Summertime can be a difficult balance for families between relaxation and activities. Most kids are resistant to doing work in favor of having fun, but boredom can quickly set in. And most parents want their kids to be somewhat productive in the summer, yet still enjoy the freedom of a long break.
One way to avoid these conflict pileups is to actually make some piles. Summer is an excellent time for family members to clean out some possessions that have lost their use or value and pile them up for re-purpose or donations. This is an opportunity to encourage a sense of community, volunteerism, and environmental awareness for everyone involved.
Beginning any project can be difficult, so it’s important to set goals and a timeline. Parents and kids can research community organizations, and which donated items they are seeking. For example, some police departments accept donations of gently used stuffed animals to give to children in high-stress situations. Other rescue groups may encourage donations of household goods or clothing.
Families can choose one or more “categories” of belongings to donate as a means and goal of community support, gather items to give, and then set a donation day to deliver and celebrate. This can be the start of a summer tradition of contribution and awareness of how much “stuff” people acquire that isn’t highly valued or used.
Getting rid of possessions may be challenging for people of all ages. Little ones may not understand the idea of donating to those less fortunate. Adolescents may be reluctant to give away their things, especially if they feel attached to them. Even adults can be overwhelmed with sentimentality or the idea that they “might need it later.”
This type of summer clean-out is a learning process for everyone. It’s important to start small and keep in mind the ripple effect of contribution. One way to make the tough decision of what to donate easier is to assign a “value” system. For each category of items, family members can assign a numerical value that reflects importance, necessity, or sentimentality. If the number value of an item is high, then it stays. If the number value of an item is low, then it goes.
For example, if a family wishes to clear out some board games for donation, they can take each game and value it with a number. If a game is played often and brings back fond memories, the number value would be high, and the game would stay. However, if a game has been outgrown and is rarely played with, the number value would be low, and the game could be passed on to another family rather than just taking up space in the home environment.

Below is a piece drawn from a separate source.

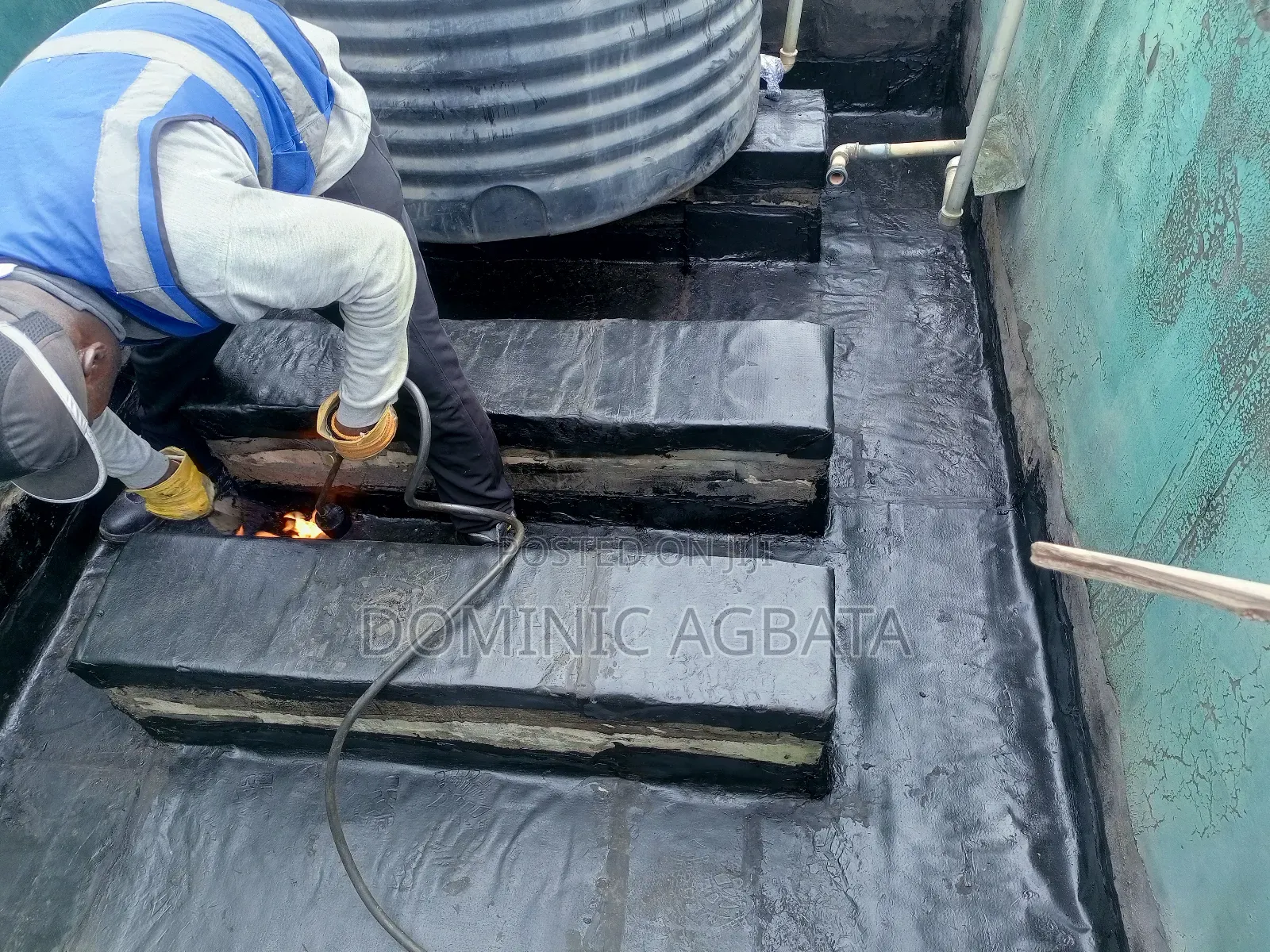 Undeniable Waterproofing Expert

Hopefully, most family members will feel internal reward for giving to others and creating more breathing space in the home. However, like the value system for donations, it’s also important to have a tangible reward that everyone can remember and enjoy. This reward could be going out for pizza or ice cream on donation day, or even creating a small scrapbook page to mark the clean-out tradition. Family members could write their thoughts in a shared notebook about the experience of working together, helping the community, and reducing unneeded or unwanted possessions.
Recording and commemorating the summer clean-out will create memories that may last longer than most possessions, and hopefully inspire future community contributions and volunteerism.